Page MenuHomePhabricator

SF needs to check for file existence to prevent replacing existing file using upload function
Open, Needs TriagePublic


For context

This is also a shortcoming of the standard MediaWiki upload system, but SF seems to be better designed and more capable of resolving the problem in its own way. This enhancement/bug may be related to this one:

T32537: Ability to check for existence and uniqueness of a property

Uploading a file with the same name as an existing file will not only replace the existing file, but also any form data submitted will replace the existing semantic data too. SF could benefit from the ability to check for the existence of a file before setting to overwriting existing files and their data. It would also be helpful if SF could automatically rename the file when creating a new file page.

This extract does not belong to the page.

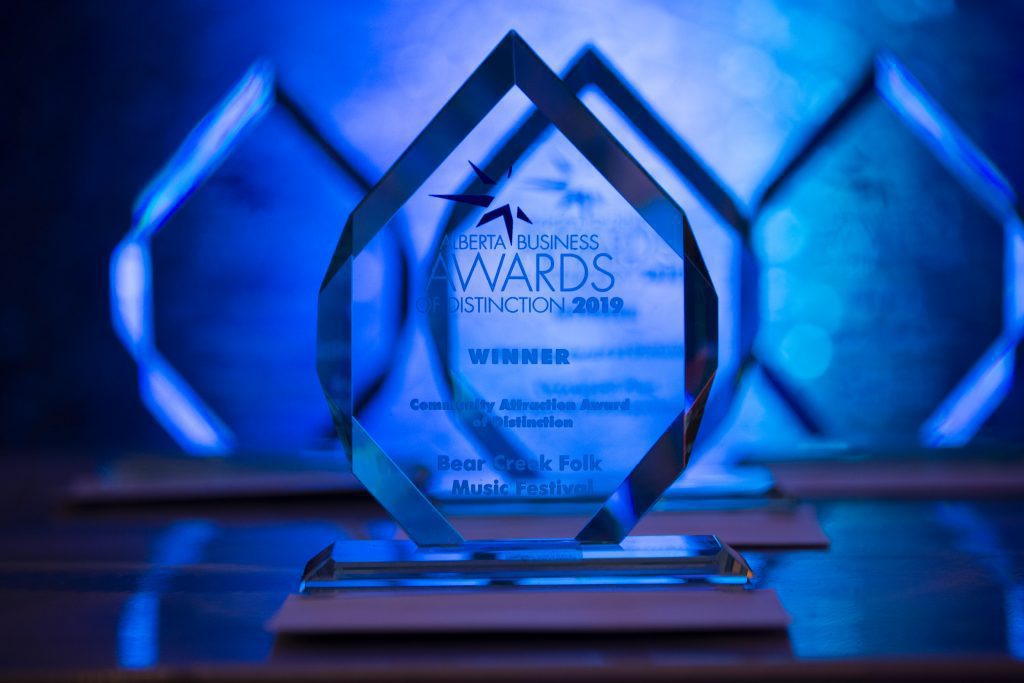 Alberta business award of distinction trophy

For right now, the best workaround I could come up with is to use the default file name parameter, like this:

default filename=image {{#time: U | now}}.jpg

Obviously, that only works for JPEGS, and will create a new problem for users who are uploading PDF's or whatever. But, automatically renaming the file with a timestamp does at least help to ensure the name is unique, although it doesn't ensure it.

Comment from (updated) form text:

<!-- Files and semantic data will be overwritten if file name is not unique. Must use the default filename parameter with a timestamp to ensure (but not guarantee) the file name is unique. No way to automatically detect and append file extension, so creates new problem for users not uploading a JPEG. They will get a warning about mime type not matching file extension, and they will have to figure out the correct extension for themselves. --><nowiki />

If I remember correctly, the file is not actually saved yet when the warning is produced, so SF doesn't fail on the warnings like it does in this bug report:

T34425: Reuploading deleted file causes SF to fail

Version: unspecified
Severity: normal




Event Timeline

bzimport raised the priority of this task from to Needs Triage.Nov 22 2014, 12:05 AM
bzimport set Reference to bz32426.
Badon created this task.Nov 15 2011, 2:20 AM

The upload window already displays a warning if the specified filename exists in the wiki, just like Special:Upload does.

Badon added a comment.Nov 15 2011, 5:26 AM

Right, but it doesn't check for existing semantic data. If the user proceeds with the upload despite the warnings, it will result in changing semantic data. The user gets nothing to indicate that's what will happen. If they leave the form blank, for example, it blanks the file's semantic data. Even with an adequate warning, it's unlikely that the user would both understand what it means, and decide not to do it. It's possible they're just playing with the form and want to see what it does (which is how I discovered the problem).

Ideally it should be possible for me to configure things to warn the user, and maybe prevent an edit from being made from an upload. At this point, I'm not sure many people are aware of the distinction between a Semantic Form being used for upload and the same Semantic Form being used to edit a previous upload. It's not documented yet, as far as I know.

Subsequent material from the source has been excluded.